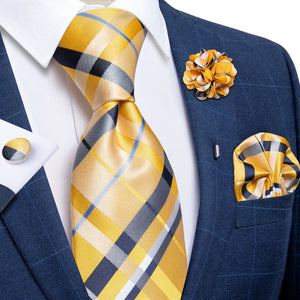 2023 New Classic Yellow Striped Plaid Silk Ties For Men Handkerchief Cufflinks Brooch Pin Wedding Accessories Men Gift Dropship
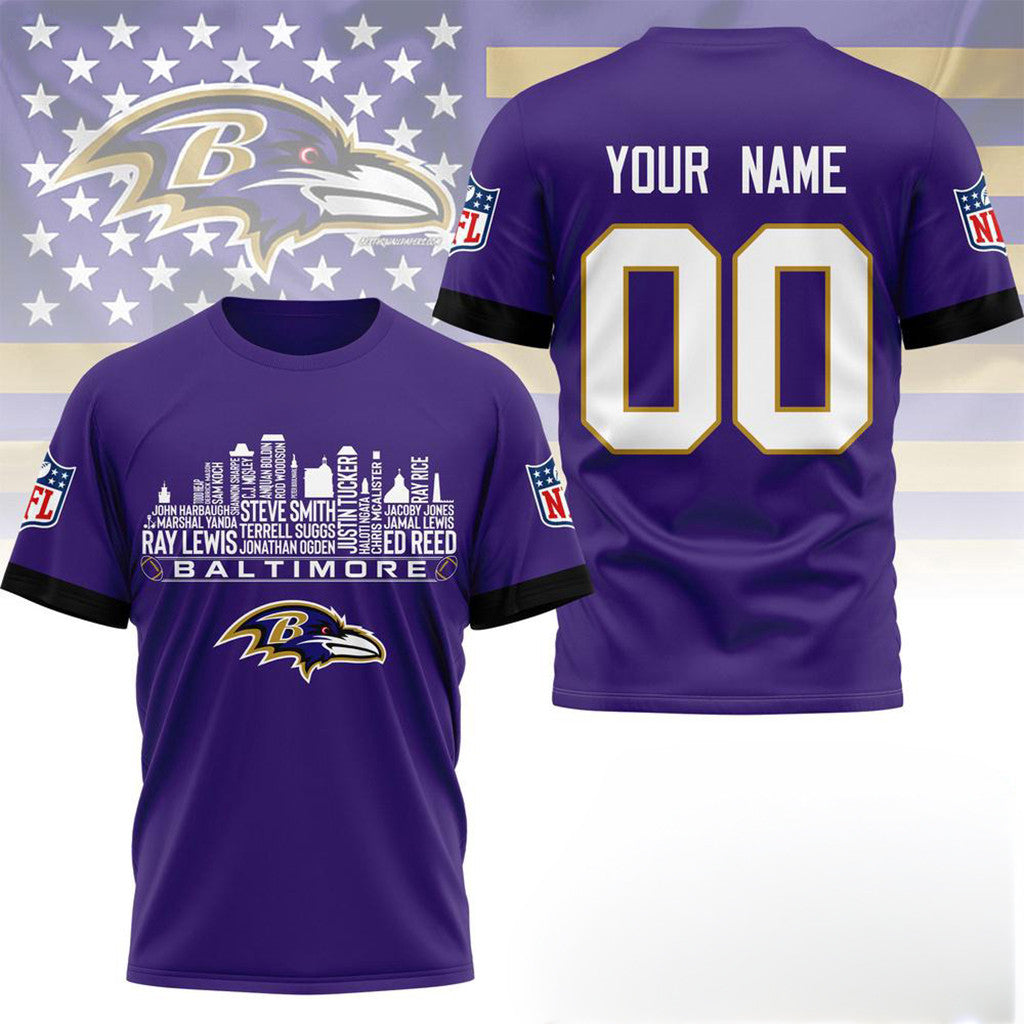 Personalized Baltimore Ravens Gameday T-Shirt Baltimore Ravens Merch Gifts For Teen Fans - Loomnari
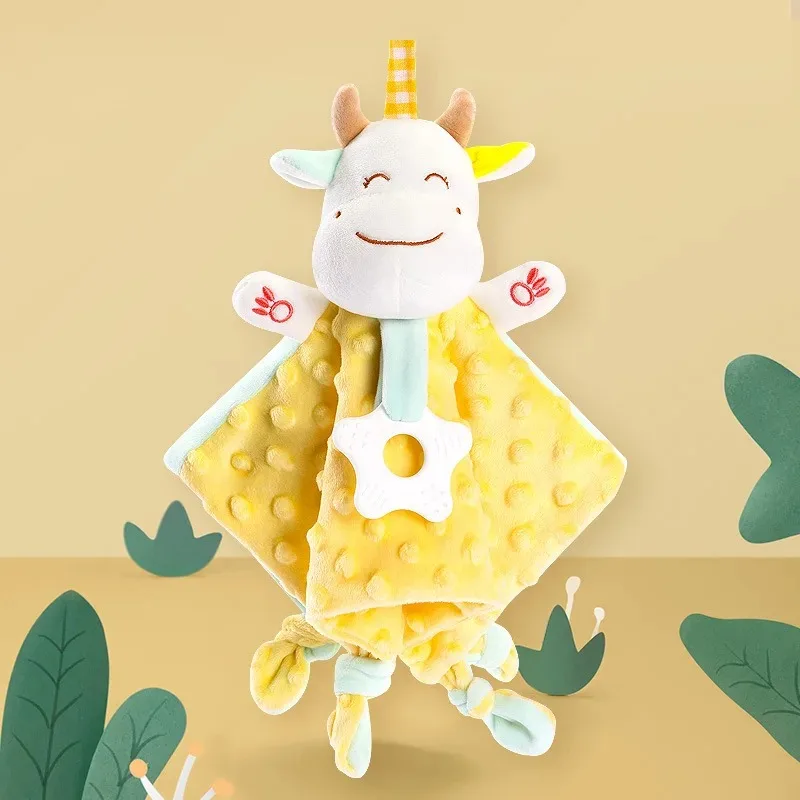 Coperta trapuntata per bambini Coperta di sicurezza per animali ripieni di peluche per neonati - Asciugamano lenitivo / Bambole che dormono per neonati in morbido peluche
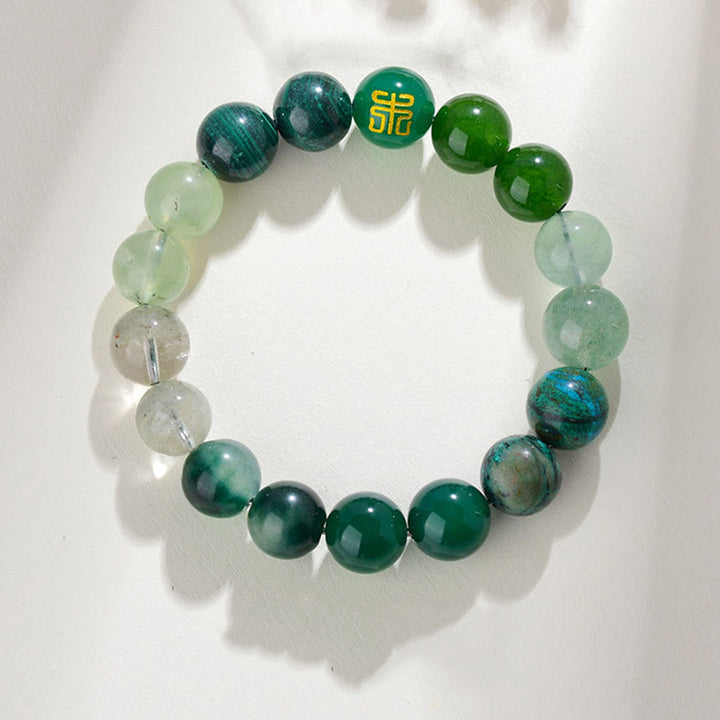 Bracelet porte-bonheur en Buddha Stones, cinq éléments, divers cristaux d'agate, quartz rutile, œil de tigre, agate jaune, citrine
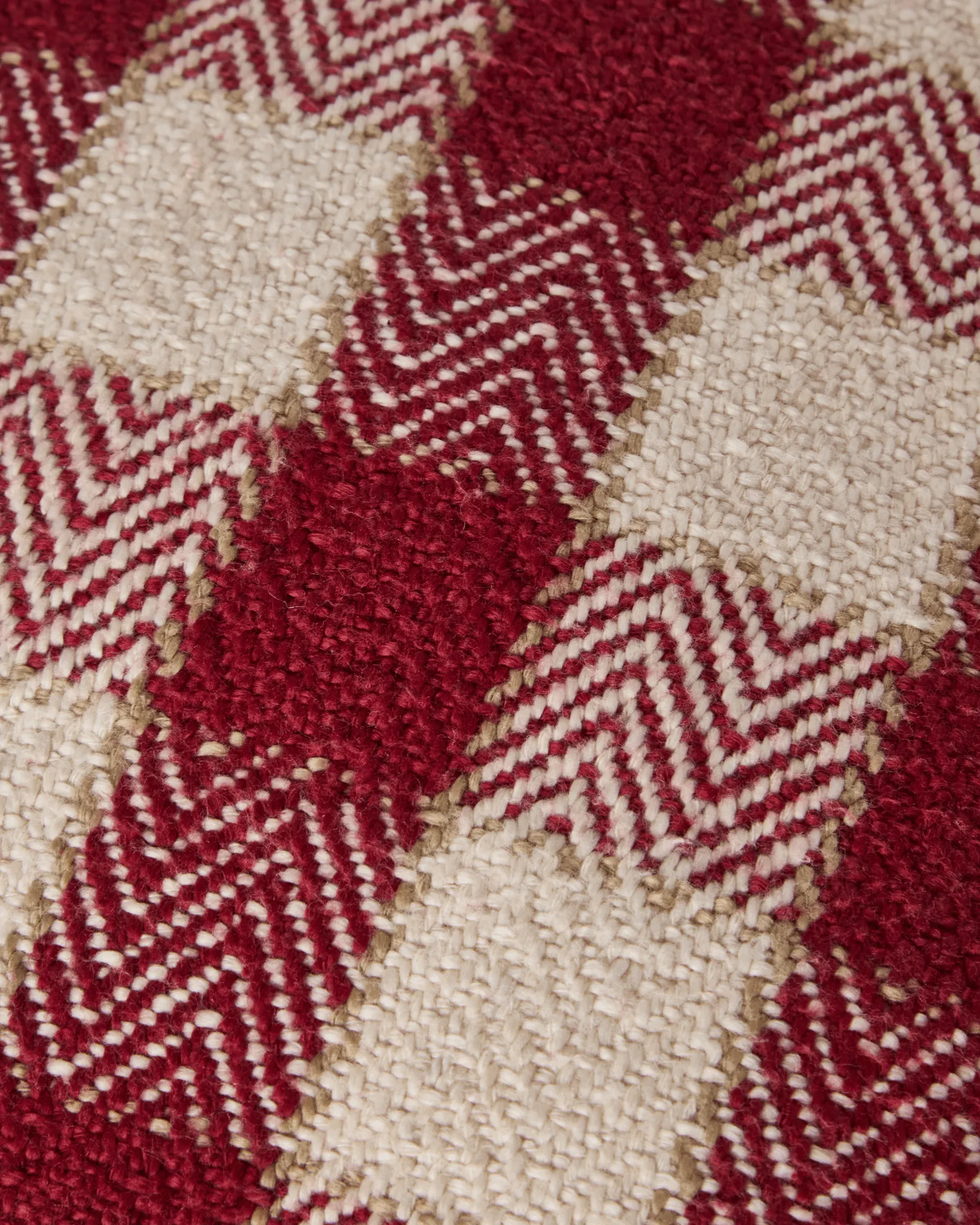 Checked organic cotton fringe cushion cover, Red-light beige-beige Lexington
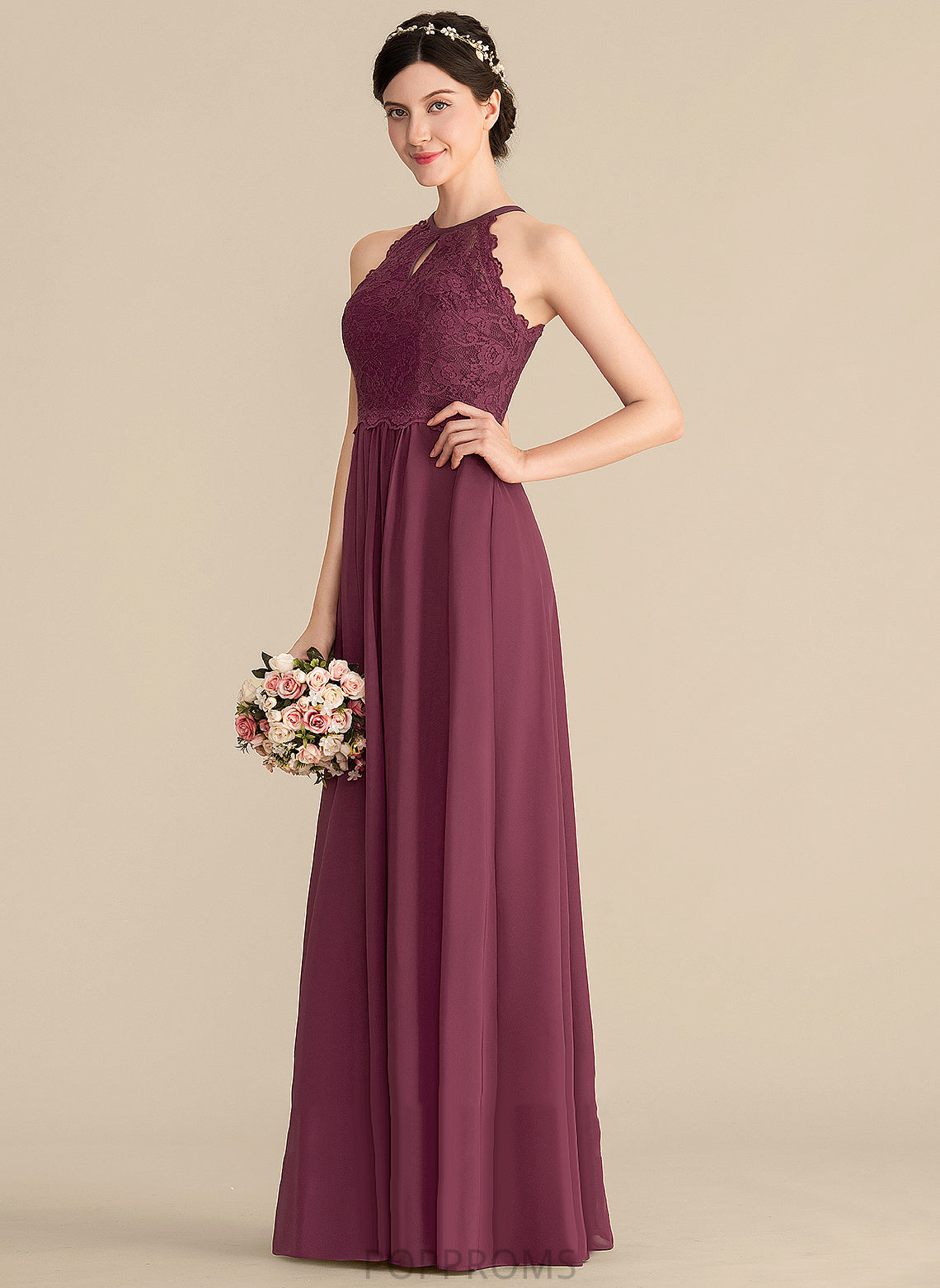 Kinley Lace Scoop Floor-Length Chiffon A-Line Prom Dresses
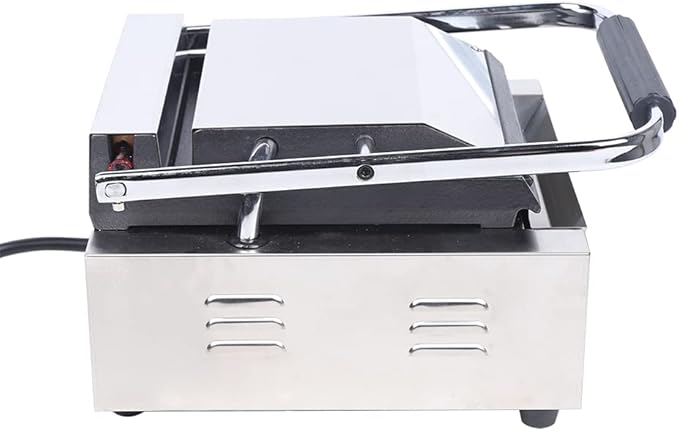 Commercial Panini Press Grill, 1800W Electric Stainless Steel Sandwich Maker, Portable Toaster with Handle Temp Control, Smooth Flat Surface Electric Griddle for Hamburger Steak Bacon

------------

- **TASK TO COMPLETE**: Each record must be quoted in full and exactly. Do not include the pictures.

- **FINISHED TASK**:
 2023 New Classic Yellow Striped Plaid Silk Ties For Men Handkerchief Cufflinks Brooch Pin Wedding Accessories Men Gift Dropship
 Personalized Baltimore Ravens Gameday T-Shirt Baltimore Ravens Merch Gifts For Teen Fans - Loomnari
 Coperta trapuntata per bambini Coperta di sicurezza per animali ripieni di peluche per neonati - Asciugamano lenitivo / Bambole che dormono per neonati in morbido peluche
 Bracelet porte-bonheur en Buddha Stones, cinq éléments, divers cristaux d'agate, quartz rutile, œil de tigre, agate jaune, citrine
 Checked organic cotton fringe cushion cover, Red-light beige-beige Lexington
 Kinley Lace Scoop Floor-Length Chiffon A-Line Prom Dresses
 Commercial Panini Press Grill, 1800W Electric Stainless Steel Sandwich Maker, Portable Toaster with Handle Temp Control, Smooth Flat Surface Electric Griddle for Hamburger Steak Bacon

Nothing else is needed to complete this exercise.